Consider system of non-linear equations $$ \begin{align} \ln \frac{x_1}{1 - x_1 - \ldots - x_n} + P_1(x_1, \ldots, x_n) &= 0 \\ &\ldots \\ \ln \frac{x_n}{1 - x_1 - \ldots - x_n} + P_n(x_1, \ldots, x_n) &= 0 \end{align} $$ with $P_i(x_1, \ldots, x_n)$ being polynomials with coefficients in $\mathbb{R}$ and $x_1, \ldots, x_n$ confined to the interior of the standard real symplex $x_1, \ldots, x_n \in \mathbb{R}$, $x_1, \ldots, x_n > 0$, $x_1 + \ldots + x_n < 1$.
Is there a general method for solving such a system analytically and/or numerically?

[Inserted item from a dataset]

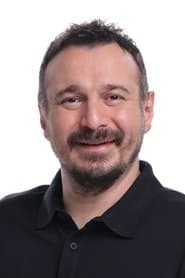 Serdar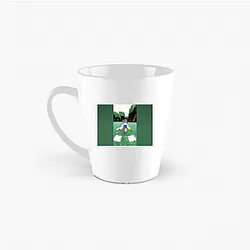 Glebo Collection for fans Glebo Mugs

Can we compute its Groebner basis using standard algorithms for systems of polynomial equations and determine if it's positive- or zero-dimentional? In what ring we would compute it? $\mathbb{R}[x_1, \ldots, x_n, l_1, \ldots, l_n]$ with $$ l_i = \ln \frac{x_i}{1 - x_1 - \ldots - x_n}? $$
If the system proves to be zero-dimentional, can we somehow bound its number of solutions from above (perhaps using some generalization of Bézout's theorem?), so that we may be able to solve it numerically via homotopy continuation starting from some system of polynomial equations with suitable number of solutions?